Notes from the Climate Track

By David Griffin

I have been asked to head up the track on Catastrophic Climate Change in the SEIZING AN ALTERNATIVE conference happening later this week on the campus of Pomona College in Claremont, CA. The conference aims to rethink fundamental assumptions of civilization. Climate change is being addressed in Track 1, Section 1.

I was also asked to give the after-banquet talk, addressing the possibility that the 21st century will turn out to be a “Whiteheadian century,” that is, significantly shaped by the philosopher who put ecological relations at the heart of things, Alfred North Whitehead. This topic was chosen by John Cobb, intellectual architect of conference events, on the assumption that, in the 1998 International Whitehead Conference in Claremont, I had predicted that the 21st century will be a Whiteheadian one.

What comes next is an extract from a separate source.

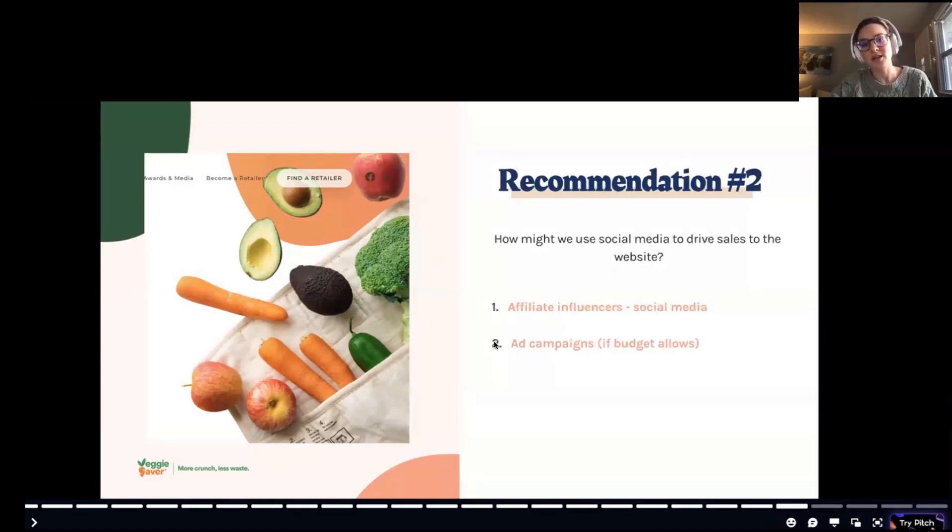Another recommendation: how might Veggie Saver use social media to drive sales to the website? Partnering with affiliate influencers — especially given the target demographic of women 25 to 55 on Facebook, Instagram, and TikTok — could work really well. Ad campaigns, if there's budget, could also create an easy, clickable impulse buy through Facebook ads.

That was not exactly what I said, but it is still a good question.

Of course, if this century is to have a chance of becoming Whiteheadian, human civilization will need to curtail global warming sufficiently to survive the century – one of the central issues John Cobb has asked our conference to address.

To be sure, neither John Cobb nor I – reincarnation aside – will be here to see whether civilization does survive. But one of the strengths of Whiteheadian-Hartshornean process thought is that it leads people to care deeply about the long-term good of the world, regardless of whether they will be part of it.

The question of civilization’s survival is a serious one. Elizabeth Kolbert, who just won the Pulitzer Price for her recent book, The Sixth Extinction, in which we are now living and aiding.

In a previous book, Kolbert famously said: “It may seem impossible to imagine that a technologically advanced society could choose, in essence, to destroy itself, but that is what we are now in the process of doing.”

In her new book, Kolbert writes: “Homo sapiens might not only be the agents of the sixth extinction, but also risks being one of its victims.”

I have addressed this issue in my own recent book, Unprecedented: Can Civilization Survive the CO2 Crisis? If global warming continues, human civilization, and much of the rest of the world’s life, will simply be burned up.

It is the task of my conference Track – which involves many excellent participants, including Tom Hayden – to see if there is anything that can be done quickly to stop adding fossil fuel to the fire.